Some years ago I was about 500 feet agl in my Aeronca 11AC when the engine power dropped. I went through the process, but there was no response. The primer was locked. I opened the primer and felt a slight increase in power. I stroked it and the engine power increased. Power dropped off at the end of the stroke. Being an A&P with IA, and having rebuilt this engine, I recognized the engine power loss was due to lack of fuel. I applied carburetor heat which helped richen the mixture. Success! The combination of carb heat and open primer restored cruise power. As I traveled the 10 miles back to the airport I tested closing the primer and carburetor heat (individually) but learned it took both to keep the power.
Upon disassembly of the carburetor, clay was found restricting the main jet. How that got there is another story.
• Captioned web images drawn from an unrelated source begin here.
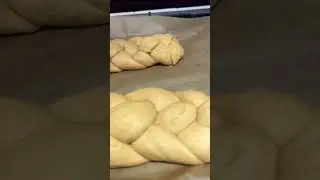 Homemade challah dough proofing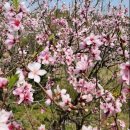 9.26.fri＜토지 9＞ 불편한 동거 이미지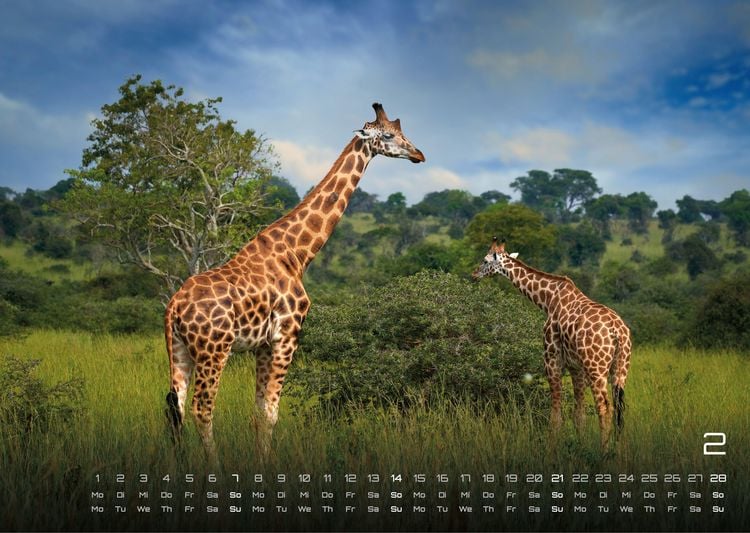 Produktbild: Afrikas Tierwelt - Der Tierkalender - 2027 - Kalender DIN A3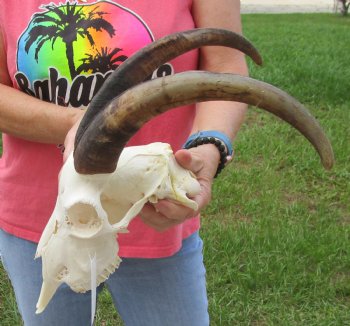 Buy this A-Grade African Goat Skull with 14 inch horns for $120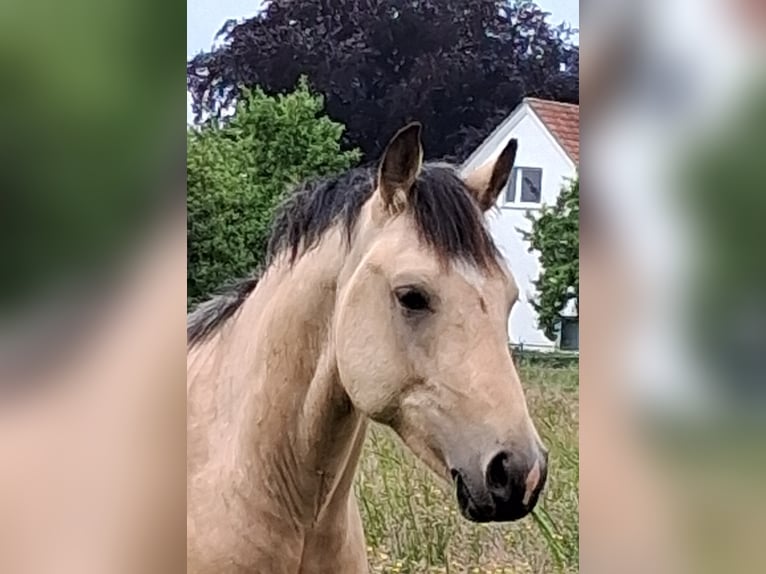 Deutsches Reitpony Hengst 2 Jahre 148 cm Buckskin in Welver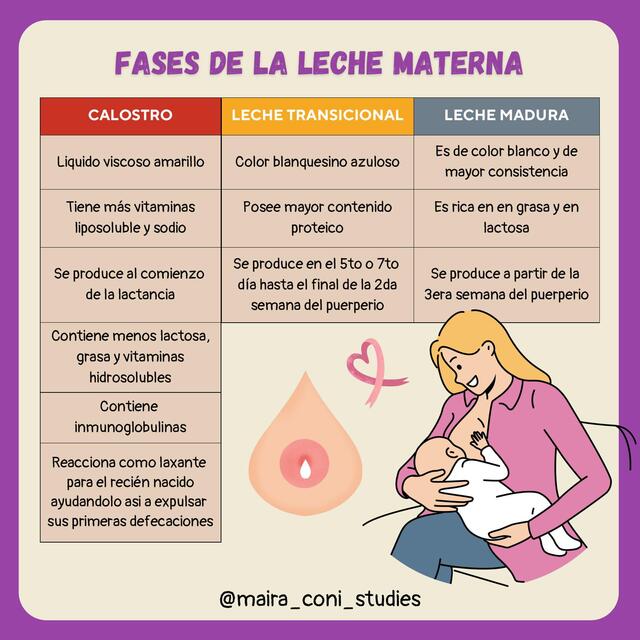 Fases de la leche materna y beneficios en la madre | @maira_coni_studies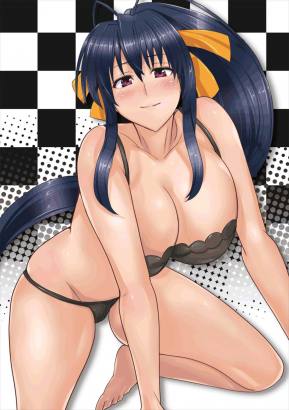 朱乃さんとD×D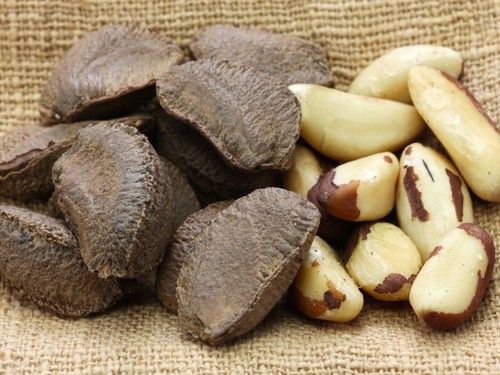 Brazil nut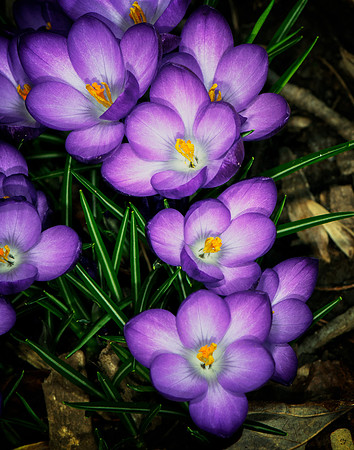 2014 All Rights Reserved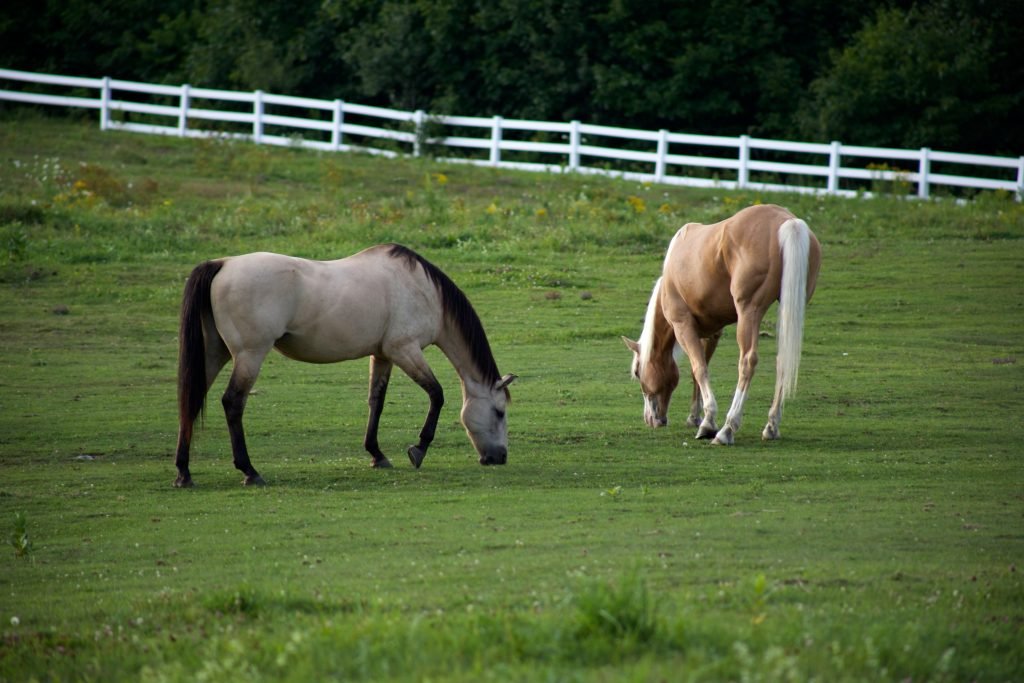 Lexington Kentucky is of the most beautiful places in USA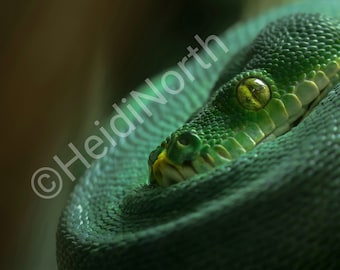Green Tree Python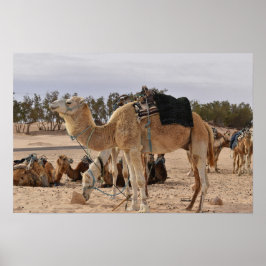 砂漠でラクダ。チュニジア。 ポスター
THIS should be “THE PICTURE OF THE DAY!”
It should be noted that in this particular case, the engine lost power at the departure end of the runway over a populated area with trees and buildings. It’s one thing to have a sputter at a comfortable cruise altitude, but another altogether to lose power just crossing over the perimeter fence on climb out. Had the PIC invested his time and effort inside the cockpit trying to troubleshoot instead of pitching for airspeed and finding a hole in the trees, he and others might not still be with us. My number one takeaway: Pilot did a heck of a job with a bad situation. Context matters.
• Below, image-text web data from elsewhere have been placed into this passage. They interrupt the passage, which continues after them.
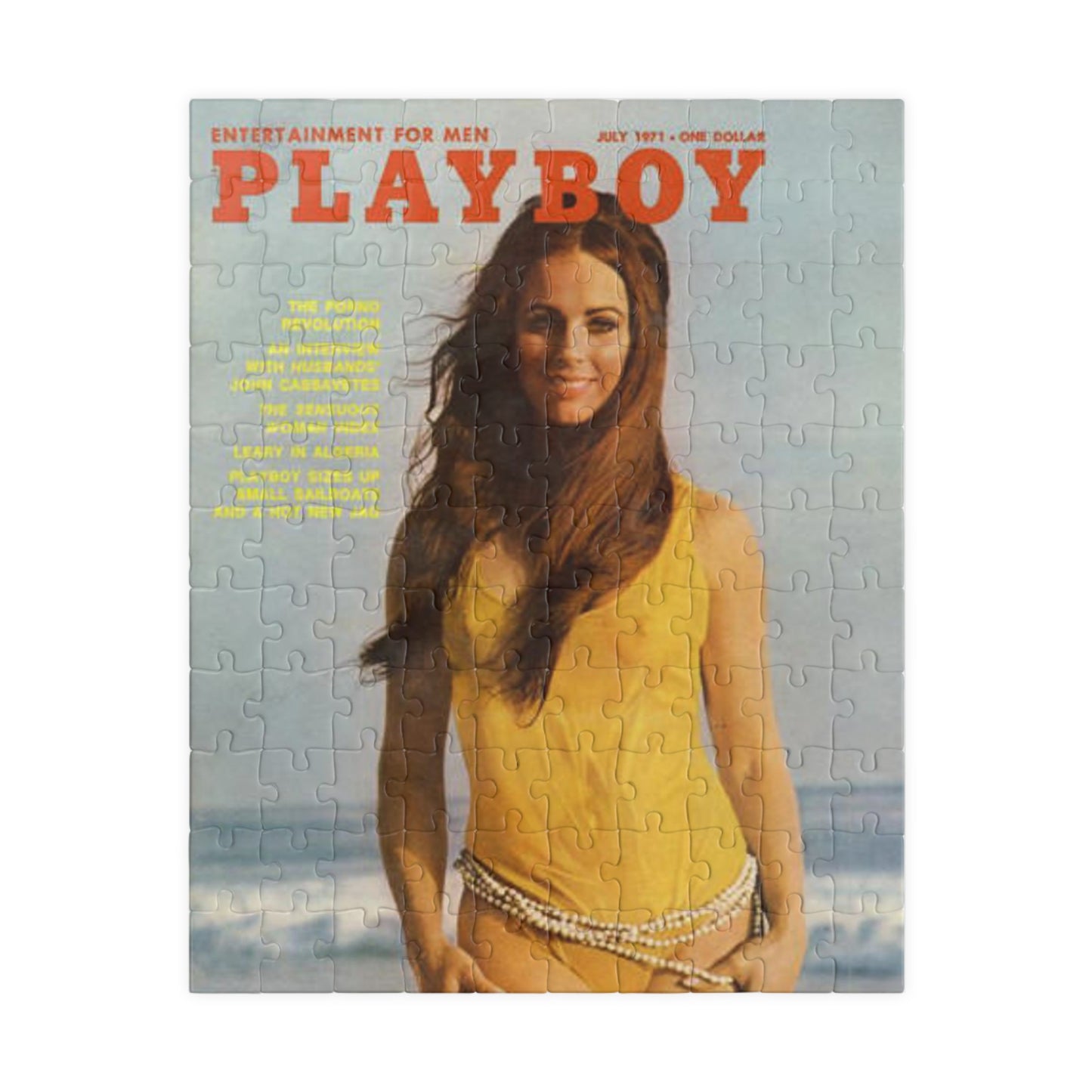 Puzzle (110, 252, 500, 1014-piece) Playboy Cover July 1971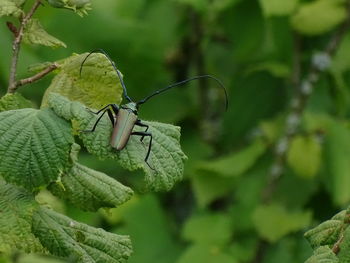 Close-up of ladybug on leaf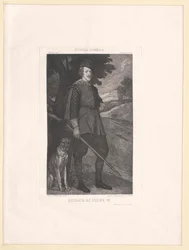 Roi d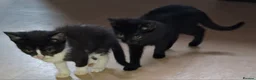 Domestic Shorthair cats for sale: Available Now! 11 Week Old Kittens x3 - Advert 2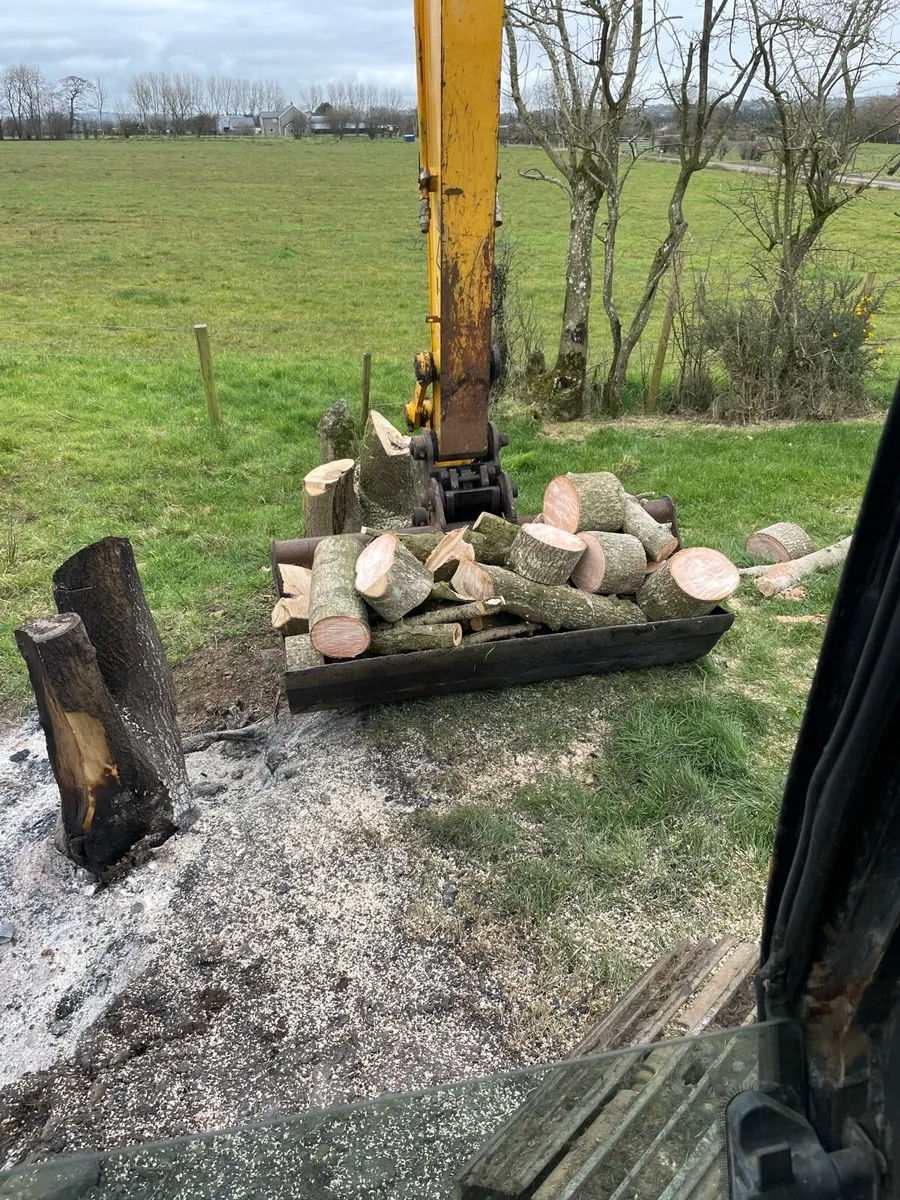 Tree services - Image 2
Up there in the cold country, I suspect primers get used alot more and wear out faster then in sunny Florida. The emergency procedure always says “mixture – full rich”. If time and altitude permit, be creative and try leaning it out. Sadly, he didn’t have that option.
Many years ago, while test flying my C-150 after maintenance and halfway down the runway at 100′, it went to “auto rough”. After performing a double handed ballet at the speed of sound, I found that leaning improved the performance enough to get back.
I had a primer disengage while on a night flight over Tampa Bay with a resulting sudden roughness. My instructor, a WWII pilot and instructor (this was in 1978) was quick to run through the possibilities and identify the issue. A quick fix – nothing sounds better than a smooth running engine especially at night!
From my experience, the lowly primer is not a forgotten item in the checklist during engine problems. The memorized emergency checklist for any aircraft with a primer is a flow that includes the primer. Even with aircraft where the primer functions correctly, it doesn’t mean the pilot will always properly engage it so it must be part of that flow if engine problems arise: “IN AND LOCKED.”
Yes – the popular C172P is a perfect example. The first three items are carb heat, fuel selector both, and mixture rich. All three of those items are near the throttle which may give the message that everything associated with the power has been checked. But there are two more items and the pilot must cross over the control wheel to check them – mags both and primer in and locked. I like to practice the flow and remember that there are five items to check. In many of the engine failure accident reports we see, the pilot reports what items were checked but it didn’t include all of the items on the checklist, and that made the difference.
I had a flight in a Cherokee 140 that was a different learning experience. The primer on those models don’t extend out very much. On one flight the engine would run rough at lower power settings but normally when power was increased. That was reported and the mechanic noticed we hadn’t locked the primer. Probably the small amount it traveled when pulled out had something to do with it, but bottom line, it apparently wasn’t pulled to verify it was in and locked after priming.
It should be mentioned that at the far end of the primer shaft/piston are 2 o-rings that shut off the outlet port when the knob is rotated in the lock channel. These wear too and should be inspected after some time. If the o-rings fail, the fuel can still flow to the primer orifices and cause a rich mixture on the affected cylinders.
When I push my primer all the way in, the last 1/2 inch is a bit stiffer, indicating that the o-rings are shutting off the fuel outlet.
The primer should be part of the annual inspection.